** DATA **

Segment Open

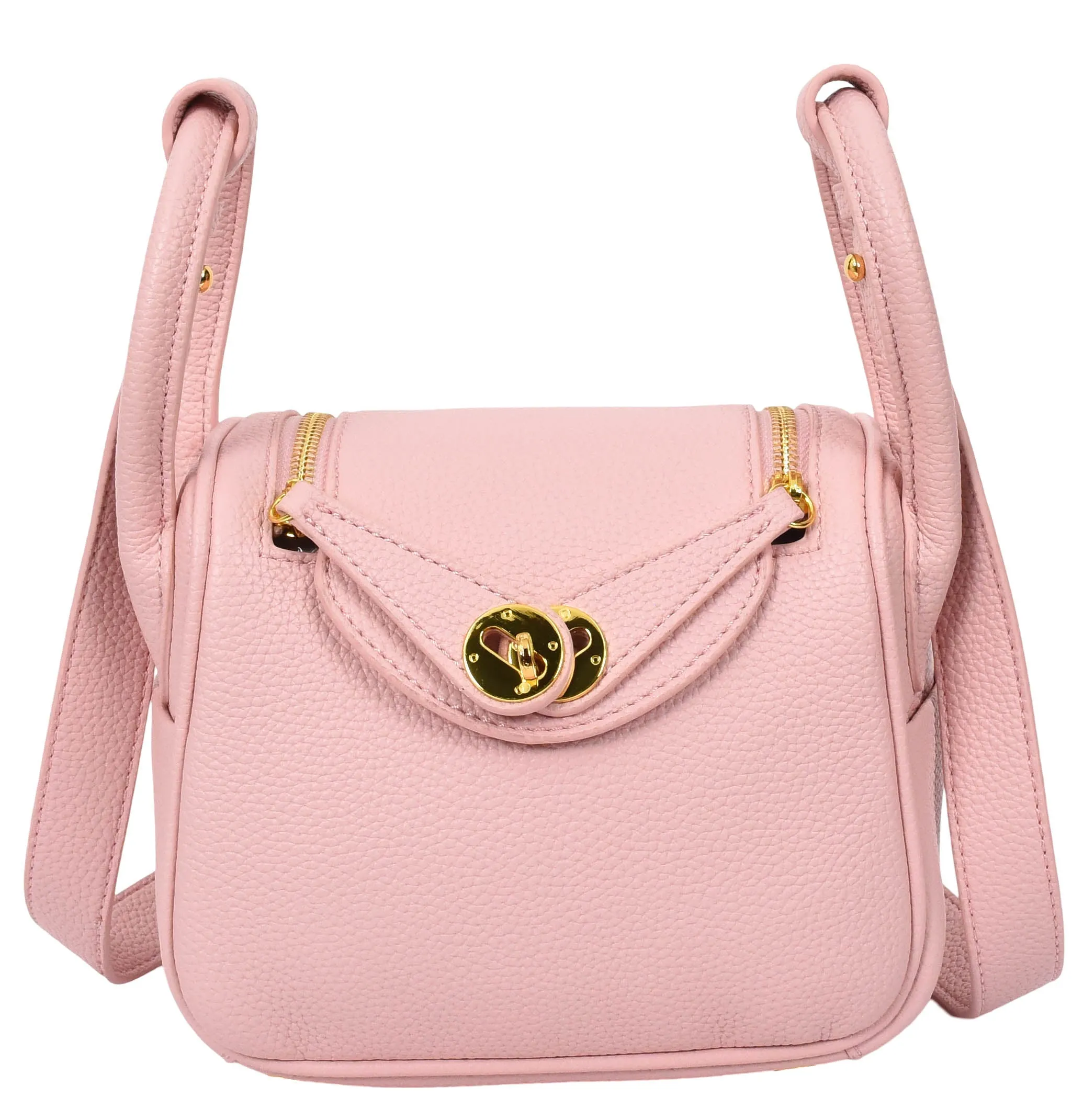 Regina Women's Faux Leather Mini Shoulder Strap Bag Pink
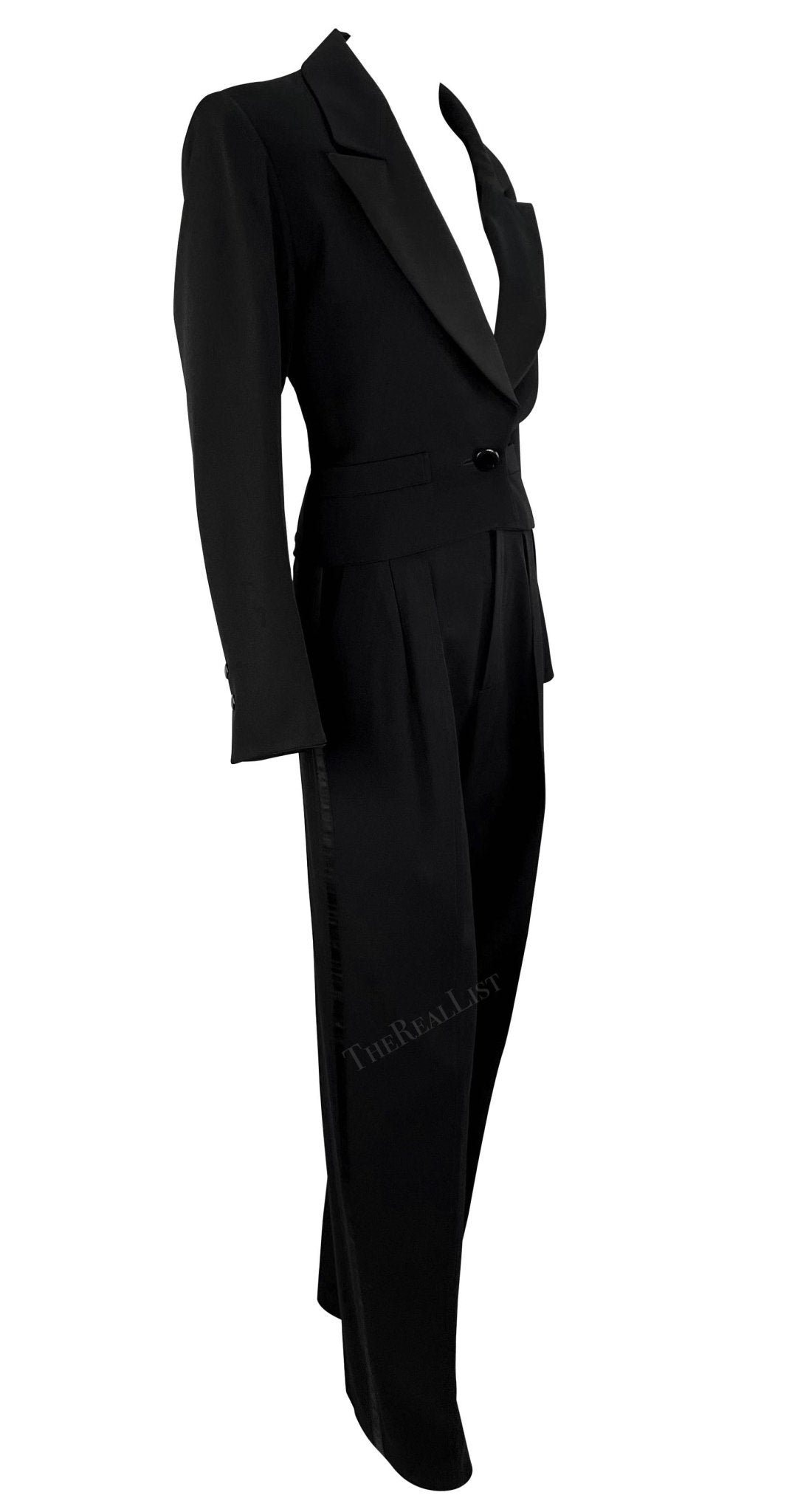 1980s Saint Laurent Rive Gauche Cropped Le Smoking Tuxedo Satin Black Pantsuit - RealList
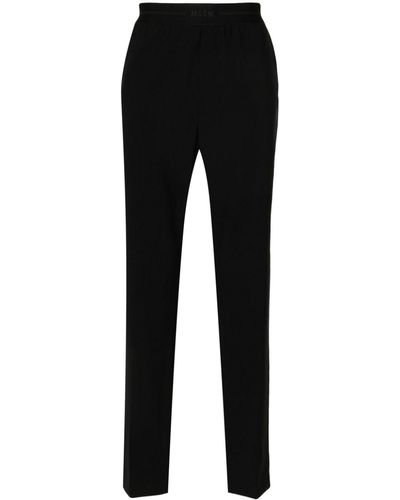 MSGM Logo-waistband Tapered Pants - Black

Segment Closed

** TASK TO COMPLETE **
Give again, exactly, each line from the one that contains "1980s Saint Laurent" through the last line of the material above. Pictures do not belong in the copy.

** RESPONSE TO THIS TASK **
 1980s Saint Laurent Rive Gauche Cropped Le Smoking Tuxedo Satin Black Pantsuit - RealList
 MSGM Logo-waistband Tapered Pants - Black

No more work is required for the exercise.